SOURCE INFORMATION:
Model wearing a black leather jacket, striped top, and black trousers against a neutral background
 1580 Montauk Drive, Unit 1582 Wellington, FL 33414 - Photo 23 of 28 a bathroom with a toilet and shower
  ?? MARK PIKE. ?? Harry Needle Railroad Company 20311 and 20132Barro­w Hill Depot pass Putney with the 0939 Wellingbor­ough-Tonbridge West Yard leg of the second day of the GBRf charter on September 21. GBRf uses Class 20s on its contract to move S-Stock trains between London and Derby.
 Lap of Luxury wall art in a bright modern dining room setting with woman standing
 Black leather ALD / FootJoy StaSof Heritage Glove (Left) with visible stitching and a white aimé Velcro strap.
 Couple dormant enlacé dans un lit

WORK REQUIRED: Find the string "leather" in the data. Report each line it appears in.

EXERCISE ANSWER:
Model wearing a black leather jacket, striped top, and black trousers against a neutral background
 Black leather ALD / FootJoy StaSof Heritage Glove (Left) with visible stitching and a white aimé Velcro strap.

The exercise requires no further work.